WORK REQUEST. Copy out precisely the lines of the material that follows, beginning with the line containing "Nên mua rèm vải hay rèm cuốn cho văn phòng?" and ending with its last line; exclude pictures.

GIVEN MATERIAL.

★ ★ ★

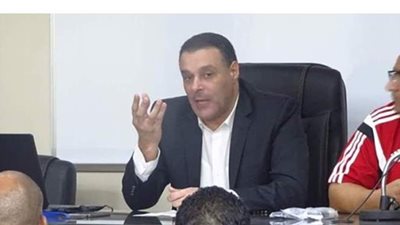 محاضر دولي يشرح للاعبي منتخب الشباب تعديلات قوانين التحكيم الجديدة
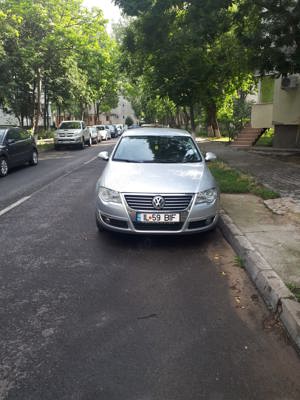 Vând Volkswagen Passat 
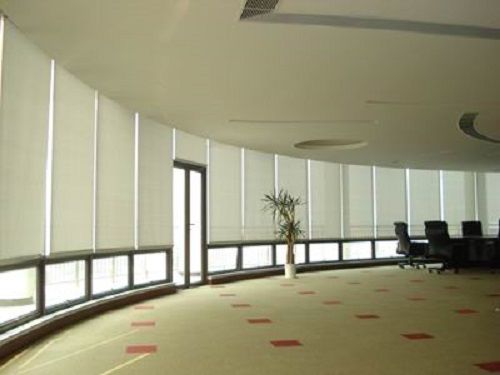 Nên mua rèm vải hay rèm cuốn cho văn phòng?
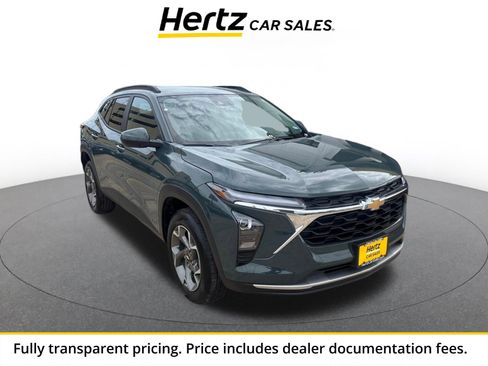 Used 2025 Chevrolet Trax LT FWD image 1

★ ★ ★

COMPLETED EXERCISE.
 Nên mua rèm vải hay rèm cuốn cho văn phòng?
 Used 2025 Chevrolet Trax LT FWD image 1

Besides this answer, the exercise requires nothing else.